Aspects of placental growth hormone physiology

This PhD dissertation was accepted by the Faculty of Health Sciences of the University of Aarhus, and defended on September 9, 2005.

Official opponents: Peter Damm, Anders Juul, and Jens Otto Lunde Jørgensen.

Tutors: Per G. Ovesen, Niels Møller, and Thomas Ledet.

Correspondence: Jens Fuglsang, Gynaecological/Obstetrical Research Laboratory, Aarhus University Hospital, Skejby Sygehus, 8200 Aarhus N, Denmark. E-mail: Fuglsang@ki.au.dk

ABSTRACT

The PhD study was conducted at the Gynaecological/Obstetrical Research Laboratory, in cooperation with the Medical Research Laboratories, Aarhus University Hospital. The aim of the study was to scrutinise basal aspects of placental growth hormone (PGH) physiology with special attention to diabetic pregnancies. The PhD dissertation is based on laboratory and clinical studies and gives an up to date review on the physiology of human PGH in normal and pathological pregnancies.

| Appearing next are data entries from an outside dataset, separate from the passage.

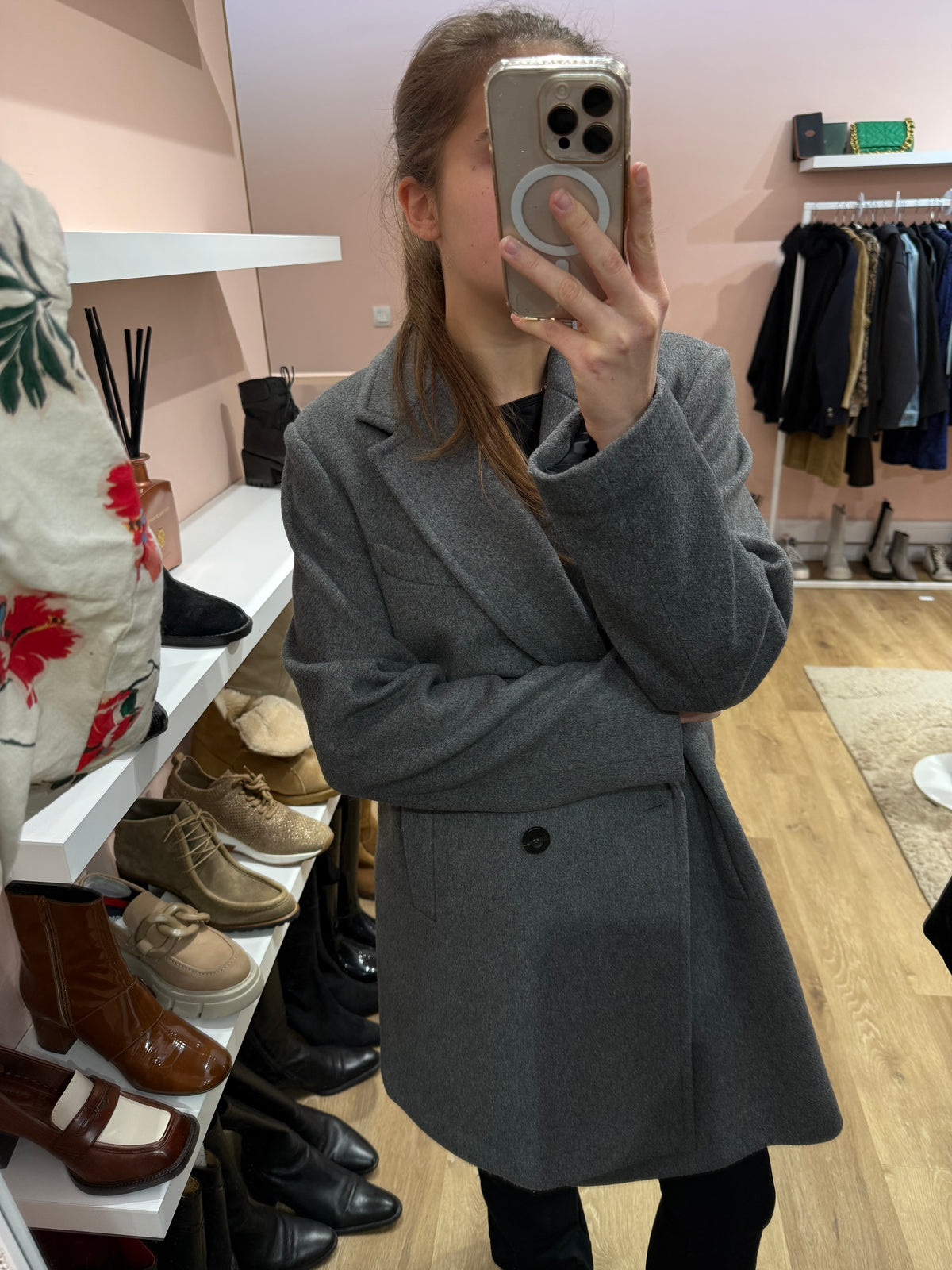 Manteau en laine gris Esprit T.XL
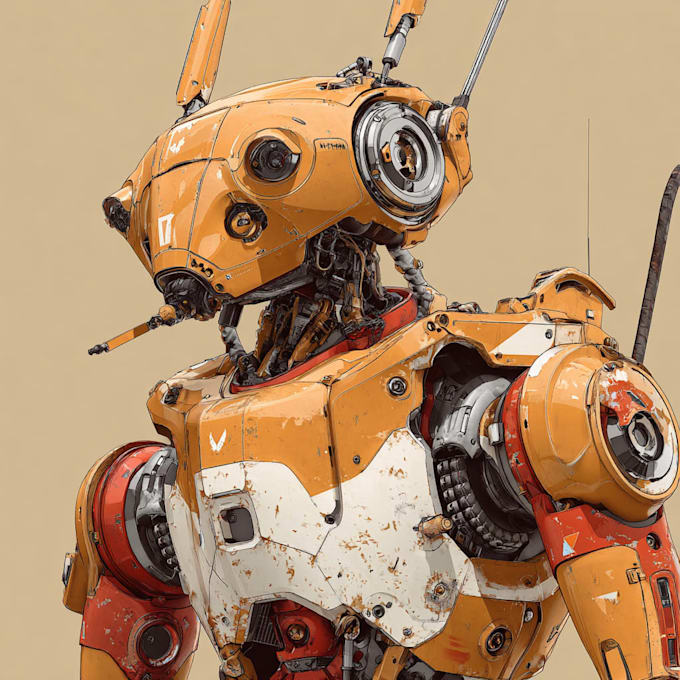 custom futuristic mecha robot character art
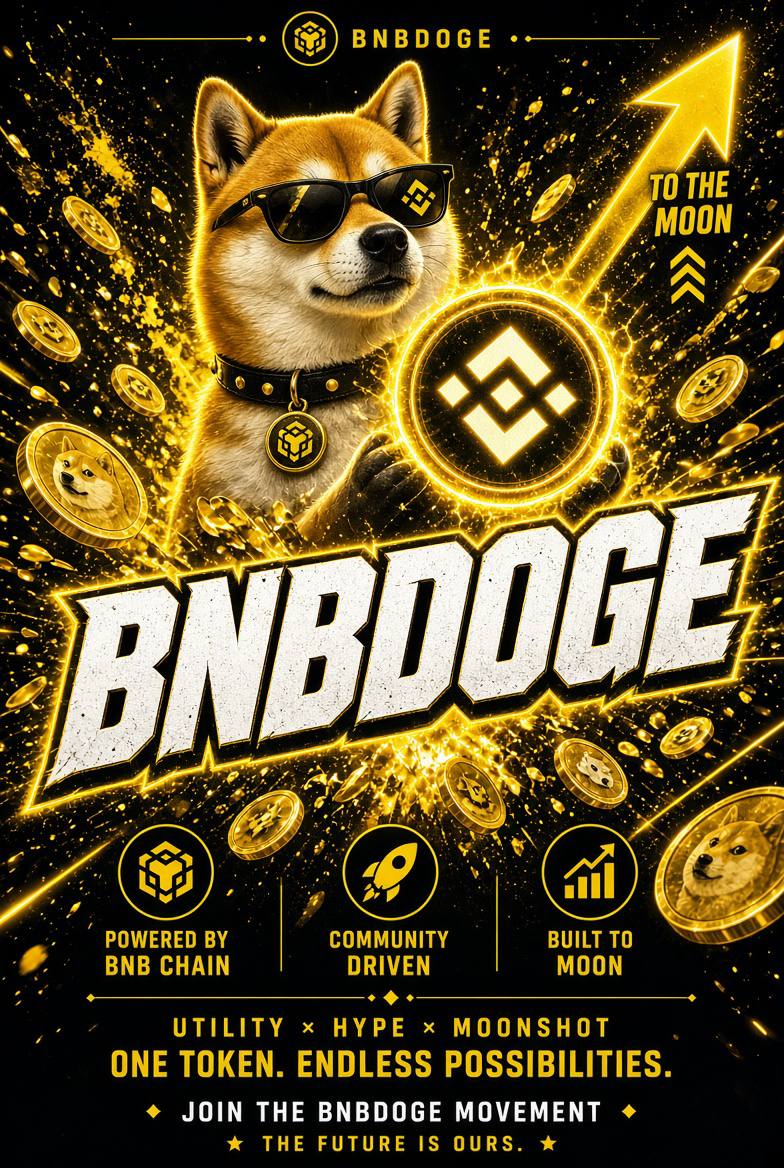 BNBDOGE black and gold sunglasses and moonshot meme poster
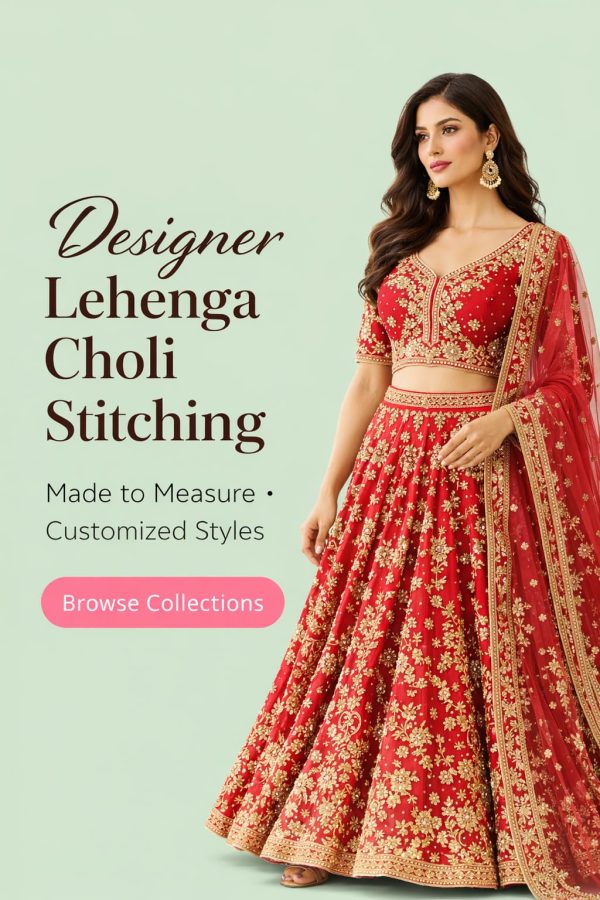 Designer Lehenga Choli stitching design for women – custom bridal and festive outfit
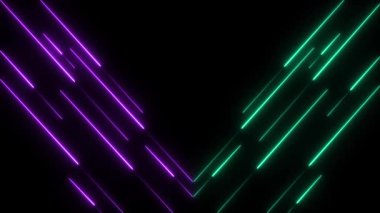 Uzayda neon ışıklar. 3D görüntüleme, 3D resimleme.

PGH is synthesised in the placental syncytiotrophoblast. The PGH bears very high similarities to pituitary growth hormone (GH) and human placental lactogen, and many aspects of the potential effects of PGH have been deduced from its similarity to GH. PGH is found only in the maternal circulation, it is present in detectable concentrations from early first trimester and maximum concentrations are reached in the last weeks of pregnancy. It appears that PGH regulates the serum levels of insulin-like growth factors (IGFs), and PGH levels also correlate with the birth weight of the newborns. Conversely, the maternal body mass index is inversely correlated to PGH levels during pregnancy. Both in vitro and in vivo low glucose levels are a stimulus for PGH secretion. A role for glycerol was suggested in in vitro studies, further linking PGH to maternal energy metabolism. Therefore, PGH may be involved in regulating the amount of nutrients available for placental extraction in the maternal circulation. These mechanisms may be shunted by, when there is an abundance of caloric compounds in the maternal blood, as e.g. in obesity.

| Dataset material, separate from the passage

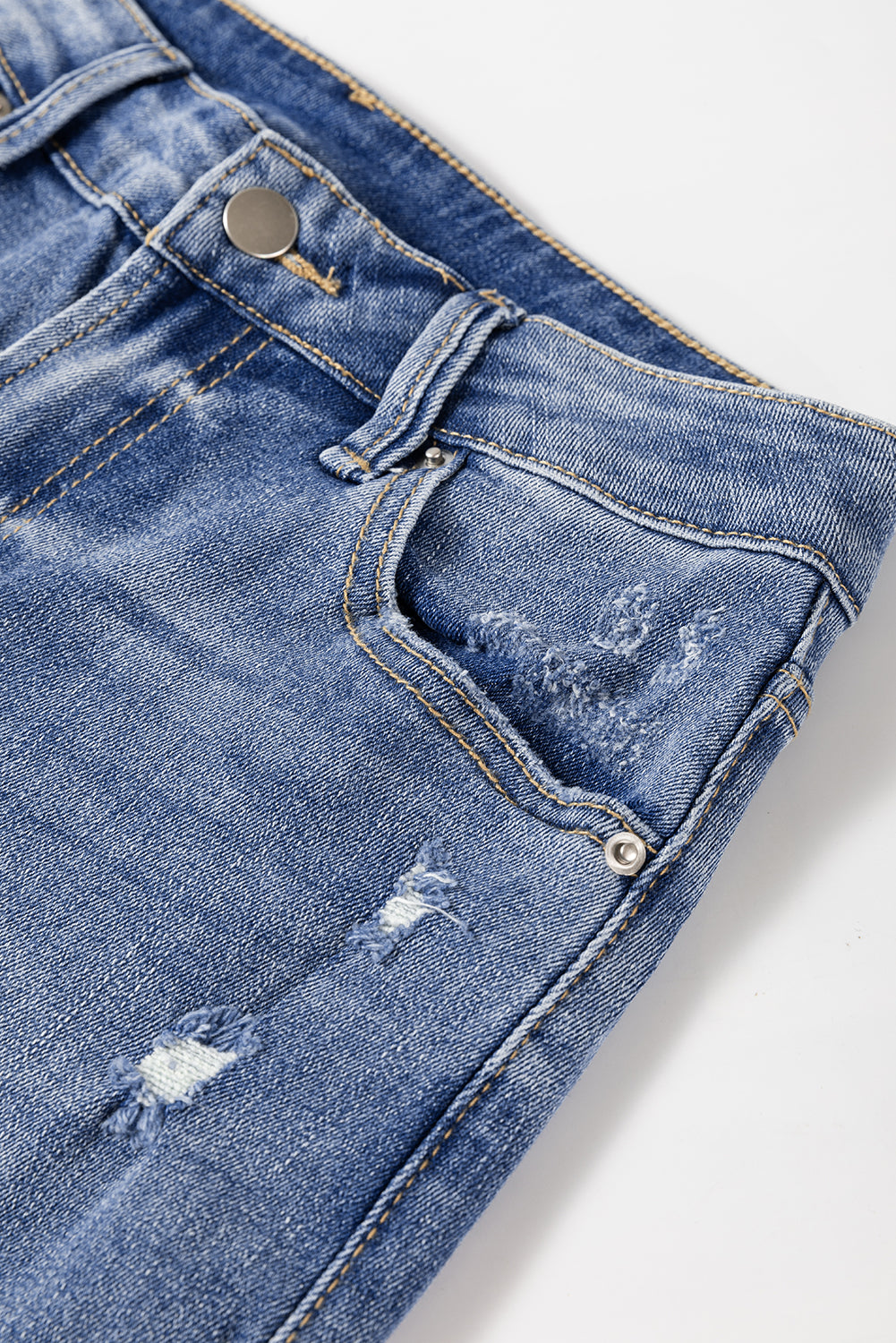 Women's Fashion Aged Jeans High Waistline Straight Legs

Growth hormone binding protein (GHBP) has the same affinity for GH and PGH and serves as the transport protein in maternal blood. However, GHBP is known to influence GH measurements, and a similar effect was observed in PGH assays. In contrast to GH assays, prolongation of incubation times did not correct the GHBP impact.

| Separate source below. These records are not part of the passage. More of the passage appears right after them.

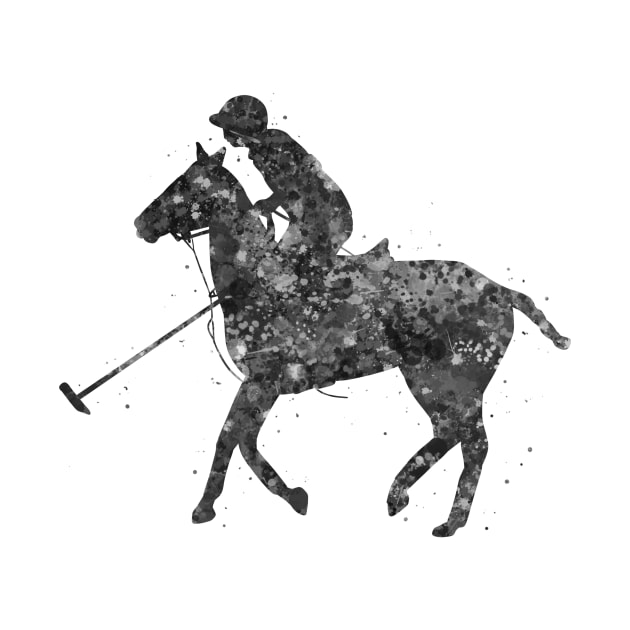 Polo rider black and white by Yahya Art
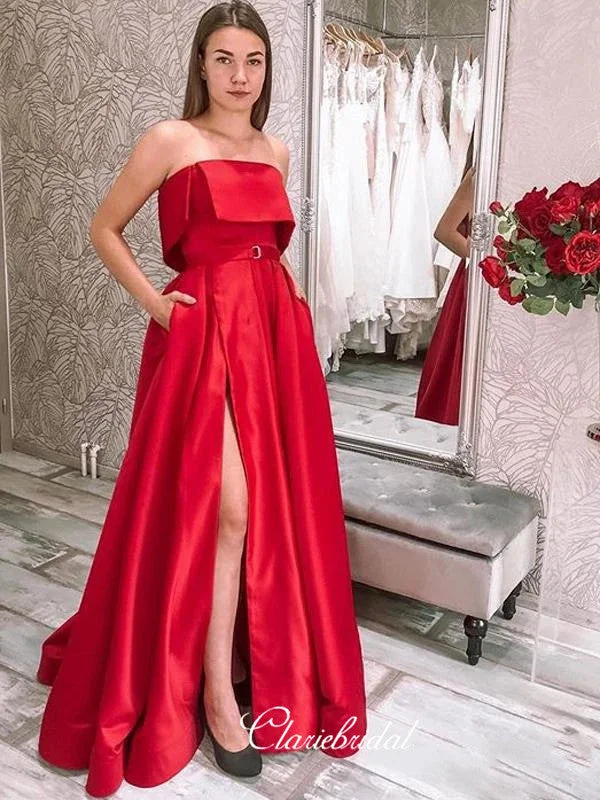 Women's Resort Attire Latest Fashion Strapless Red Color Satin Long Prom Dresses, Affordable Slit 2020 Prom Dresses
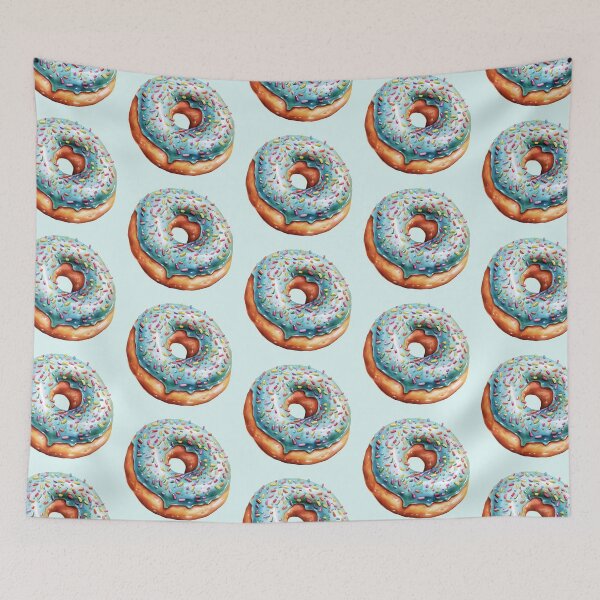 Item preview, Rainbow sprinkles Blue watercolor donut illustration  designed and sold by JinJinYoon.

Increased GH levels as in acromegaly are accompanied by insulin resistance and diabetogenic effects of PGH in pregnancy have therefore been postulated. Animal experiments have been suggestive of such effects, whereas studies in humans have been unable to find consistent evidence for diabetogenic effects of PGH. In type 1 diabetes mellitus, PGH behaved as in normal pregnancies, and positive associations between IGFs and birth weights were found. Insulin requirements, though, did not correlate to PGH levels, indicating that PGH was not a major contributor to the development of the insulin resistance of pregnancy in type 1 diabetes.

The perspectives of the present thesis will be to open up for research on PGH in relation to the maternofoetal energy metabolism. Especially, the impact on adipose tissue metabolism deserves attention in future studies.